Try putting some root tabs around it.
My Ozelot did the same thing when it started sprouting the leaves around the bud. After a couple of days it started growing again.


----------



## Jonny Rotten (Feb 17, 2012)

Its going to take a looong time.for me anyway.I have three separate plants growing on my stem.Its been at least a month and it just hit the surface.I feel its putting more energy into growing the plants instead of getting tall.


----------



## Wulfyn (Mar 20, 2012)

My amazon is on its 5th baby plant in the 2 months or so Ive had it. If they are forming leaves then I would just let them be and wait for them to grow roots before seperating the babies. I had thought the 1st time it was going to flower but that never happened even tho what had looked like flower buds broke the surface. Heck there is a older stalk that has been idle the whole time, tempted to just cut it off since it hasnt done much.


----------



## Blah4Life (Jan 13, 2012)

One of my swords has this stalk. It has sprouted a half dozen new leaves and has a few white roots hanging down underneath the new growth at the top. How large should I let the leaves and roots grow before I pinch it off and replant it?


----------



## xxUnRaTeDxxRkOxx (Jul 12, 2011)

When you see these little "stems", these are actually the results of the plant propagation. Meaning that these are indeed new plants growing, once the bottom plant on the stem has roots about 4"-5" long sprouting from it you can then cut the stem just below the bottom plant. Then just replant the new plant into the substrate, but make sure the stem is sprouting from the new plant, this is so it'll keep up the propagation process.

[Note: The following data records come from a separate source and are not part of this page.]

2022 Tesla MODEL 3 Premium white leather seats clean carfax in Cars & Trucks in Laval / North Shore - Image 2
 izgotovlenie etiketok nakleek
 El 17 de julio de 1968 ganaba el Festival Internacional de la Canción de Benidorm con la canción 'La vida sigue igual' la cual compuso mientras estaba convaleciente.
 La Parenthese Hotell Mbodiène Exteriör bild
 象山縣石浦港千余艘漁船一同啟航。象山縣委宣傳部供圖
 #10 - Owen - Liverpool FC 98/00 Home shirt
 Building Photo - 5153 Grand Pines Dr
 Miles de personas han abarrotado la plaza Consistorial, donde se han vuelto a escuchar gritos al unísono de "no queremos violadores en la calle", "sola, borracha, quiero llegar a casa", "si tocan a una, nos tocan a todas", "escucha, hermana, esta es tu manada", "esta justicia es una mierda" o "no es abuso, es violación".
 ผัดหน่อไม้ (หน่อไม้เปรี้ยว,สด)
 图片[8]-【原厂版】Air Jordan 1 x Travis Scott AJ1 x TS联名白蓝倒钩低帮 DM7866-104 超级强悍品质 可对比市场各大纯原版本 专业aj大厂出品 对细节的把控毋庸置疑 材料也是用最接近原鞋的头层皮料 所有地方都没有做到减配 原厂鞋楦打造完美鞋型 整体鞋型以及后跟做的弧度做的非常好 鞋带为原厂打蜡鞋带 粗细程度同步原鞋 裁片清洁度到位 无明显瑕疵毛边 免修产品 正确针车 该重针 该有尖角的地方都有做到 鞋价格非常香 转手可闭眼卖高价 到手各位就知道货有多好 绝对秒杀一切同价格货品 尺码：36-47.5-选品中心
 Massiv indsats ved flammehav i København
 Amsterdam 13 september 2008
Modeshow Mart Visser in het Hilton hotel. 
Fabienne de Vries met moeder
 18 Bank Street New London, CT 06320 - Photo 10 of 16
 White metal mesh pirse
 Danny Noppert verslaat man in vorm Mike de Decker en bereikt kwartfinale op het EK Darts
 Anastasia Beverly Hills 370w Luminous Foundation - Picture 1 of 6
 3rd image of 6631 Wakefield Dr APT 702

Then repeat the steps when the new plants have 4"-5" long roots sprouting from it.


----------



## abzy79 (Apr 17, 2012)

Thanks for all the replies,im just gonna have to wait and see if the stem breaks the surface,i seen a video on you tube and thought maybe this might happen to my plants,have any of you guys had white flowers on your amazon stems like in this following video link,watch from around 30 seconds!!
http://www.youtube.com/watch?v=CseigeAIyeE


----------



## kalawai2000 (Jan 15, 2011)

My Ozelot sword is blooming and putting out little plantlets.


----------



## Wulfyn (Mar 20, 2012)

I figure it will bloom if the bud area breaks water otherwise it will just create a plant instead. Currently I have a stalk with 4 plants forming. If it had grown straight up I would guess the 4th would have been blooms, just the weight of the previous ones seems to slowly drag the stalk down deeper into the water.
Either way, more plants for free.


----------